--- DATA SUPPLIED ---

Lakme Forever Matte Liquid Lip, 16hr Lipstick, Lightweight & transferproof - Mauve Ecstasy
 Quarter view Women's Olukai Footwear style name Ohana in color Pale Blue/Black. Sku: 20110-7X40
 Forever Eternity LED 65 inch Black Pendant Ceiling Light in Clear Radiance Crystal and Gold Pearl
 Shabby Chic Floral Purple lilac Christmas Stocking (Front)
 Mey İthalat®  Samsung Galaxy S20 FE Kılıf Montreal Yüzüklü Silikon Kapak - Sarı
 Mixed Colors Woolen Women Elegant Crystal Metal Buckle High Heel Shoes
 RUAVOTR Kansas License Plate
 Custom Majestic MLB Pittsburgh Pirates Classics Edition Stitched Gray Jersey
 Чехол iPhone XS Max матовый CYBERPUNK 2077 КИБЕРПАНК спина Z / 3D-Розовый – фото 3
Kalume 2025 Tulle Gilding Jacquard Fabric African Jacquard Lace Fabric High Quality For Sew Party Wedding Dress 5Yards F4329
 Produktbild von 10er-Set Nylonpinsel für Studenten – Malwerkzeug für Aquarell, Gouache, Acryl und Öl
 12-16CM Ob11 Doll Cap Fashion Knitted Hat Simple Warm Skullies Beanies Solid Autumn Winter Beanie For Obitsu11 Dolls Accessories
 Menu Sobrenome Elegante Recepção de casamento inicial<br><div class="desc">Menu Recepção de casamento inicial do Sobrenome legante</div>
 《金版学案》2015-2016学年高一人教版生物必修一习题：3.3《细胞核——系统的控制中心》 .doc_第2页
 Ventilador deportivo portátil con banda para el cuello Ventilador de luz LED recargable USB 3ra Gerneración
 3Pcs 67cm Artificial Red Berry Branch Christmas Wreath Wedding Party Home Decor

---

TASK TO CARRY OUT
Exactly as they stand, set down the lines from the top of the data through the line with "Kalume 2025 Tulle".

EXERCISE ANSWER
Lakme Forever Matte Liquid Lip, 16hr Lipstick, Lightweight & transferproof - Mauve Ecstasy
 Quarter view Women's Olukai Footwear style name Ohana in color Pale Blue/Black. Sku: 20110-7X40
 Forever Eternity LED 65 inch Black Pendant Ceiling Light in Clear Radiance Crystal and Gold Pearl
 Shabby Chic Floral Purple lilac Christmas Stocking (Front)
 Mey İthalat®  Samsung Galaxy S20 FE Kılıf Montreal Yüzüklü Silikon Kapak - Sarı
 Mixed Colors Woolen Women Elegant Crystal Metal Buckle High Heel Shoes
 RUAVOTR Kansas License Plate
 Custom Majestic MLB Pittsburgh Pirates Classics Edition Stitched Gray Jersey
 Чехол iPhone XS Max матовый CYBERPUNK 2077 КИБЕРПАНК спина Z / 3D-Розовый – фото 3
Kalume 2025 Tulle Gilding Jacquard Fabric African Jacquard Lace Fabric High Quality For Sew Party Wedding Dress 5Yards F4329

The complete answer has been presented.